11 La création d’une commission locale d’information et de surveillance (CLIS) [2] en 2002 leur procure un espace de formulation de leurs préoccupations : c’est par cette instance que la question des effets sanitaires de l’incinération est abordée. La mise aux normes européennes des incinérateurs engagée avant 2005 amplifie cette question dans un contexte où les risques sanitaires de l’incinération sont largement débattus au plan national. La décision du préfet d’Ille-et-Vilaine de suspendre l’autorisation d’exploitation d’un des trois fours de l’usine pour absence de respect des normes d’émission contribue à amplifier localement la question des effets sanitaires. Des manifestations sont organisées devant l’usine ; une pétition initiée par le comité de défense rassemble 4 000 signatures. Mais le comité en reste aux nuisances olfactives dans l’objectif d’arrêter l’incinération des boues d’épuration, ce qui advient en 2007. L’argument invoqué est que la publicité donnée aux risques sanitaires mettrait les nouveaux résidents dans l’embarras en leur signifiant qu’ils ont été dupés en venant habiter dans un quartier présenté comme innovant et en faisant perdre de la valeur aux biens qu’ils y ont acquis.

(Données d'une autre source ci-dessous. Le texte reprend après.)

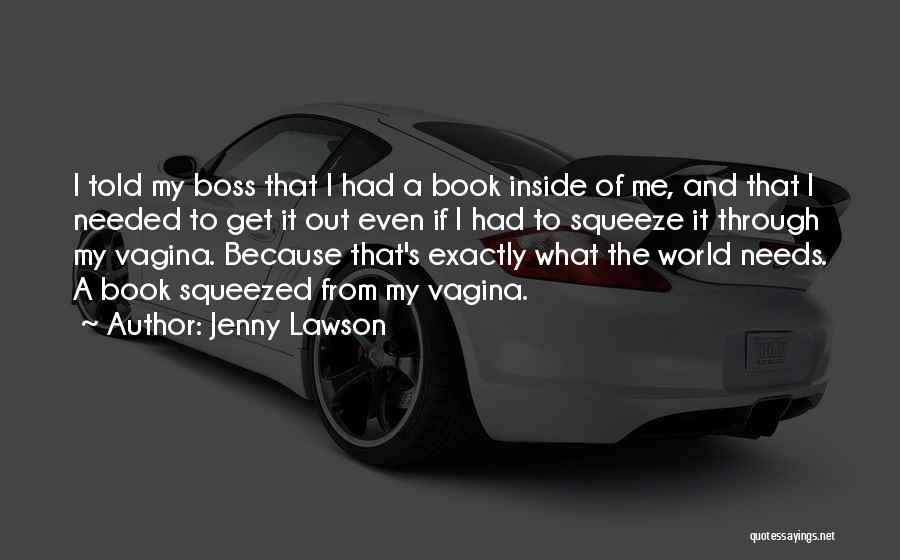 Jenny Lawson Quotes: I Told My Boss That I Had A Book Inside Of Me, And That I Needed To Get It Out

12 Après 2007, les associations demandent une sortie à terme de l’incinération comme mode de traitement des déchets en invoquant un mauvais choix technique ainsi que l’existence de risques de santé pour les populations. L’argument sanitaire prend appui sur des témoignages d’habitants relatifs à des problèmes de santé : certains font l’inventaire des cancers dans leurs rues, d’autres invoquent des pathologies chez les animaux de compagnie. Le comité entretient l’incertitude autour des questions de santé arguant de la durée de développement des pathologies, du manque d’information sur la situation sanitaire du quartier et des risques liés à l’incinération. Les élus l’interprètent comme la défense, par quelques dizaines d’habitants, de leurs intérêts personnels au détriment de l’intérêt général quant au traitement des déchets d’une agglomération qui se pense exemplaire dans la prise en compte de l’environnement.

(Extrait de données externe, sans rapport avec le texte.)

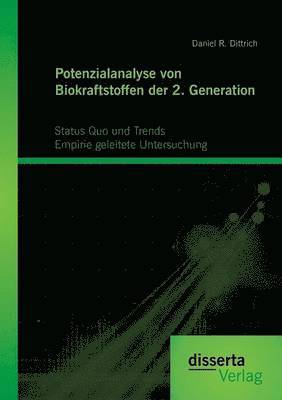 Potenzialanalyse von Biokraftstoffen der 2. Generation 1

L’incinérateur de Plouharnel dans le Morbihan

13 Il est entré en service en 1971 pour traiter les déchets de 24 communes de la presqu’île de Quiberon et de la région d’Auray et Carnac qui connaissent un afflux de population touristique en été. Il est situé en retrait de l’espace touristique, dans une zone mixte d’agriculture et de landes à faible densité de population. Alors que sa mise en service est postérieure à celle de l’incinérateur de Villejean, il est présenté par ses détracteurs comme le plus vieil incinérateur de France, ce qui fonde l’argument d’une technologie obsolète que les différentes mises aux normes (1997, 2000 et 2006) ne permettent pas de compenser.

14 Dans les années 2000, l’incinérateur de Plouharnel est au cœur des débats sur le traitement des déchets ménagers dans le département du Morbihan et de l’opposition à un projet d’incinérateur près de Vannes au profit de la valorisation sélective des bio-déchets et du stockage des déchets ultimes. L’opposition à l’incinérateur se développe en 2004 au moment où la question de la mise aux normes est à nouveau posée. Le collectif Stop incinérateur Plouharnel (SIP), qui repose sur un noyau dur d’une vingtaine de personnes aux multiples appartenances, demande la fermeture de l’incinérateur décrit comme « polluant, ruineux, non fiable, donc sans avenir ». Il engage des recours devant le tribunal administratif lors de la reprise du fonctionnement de l’incinérateur suite aux mises aux normes successives.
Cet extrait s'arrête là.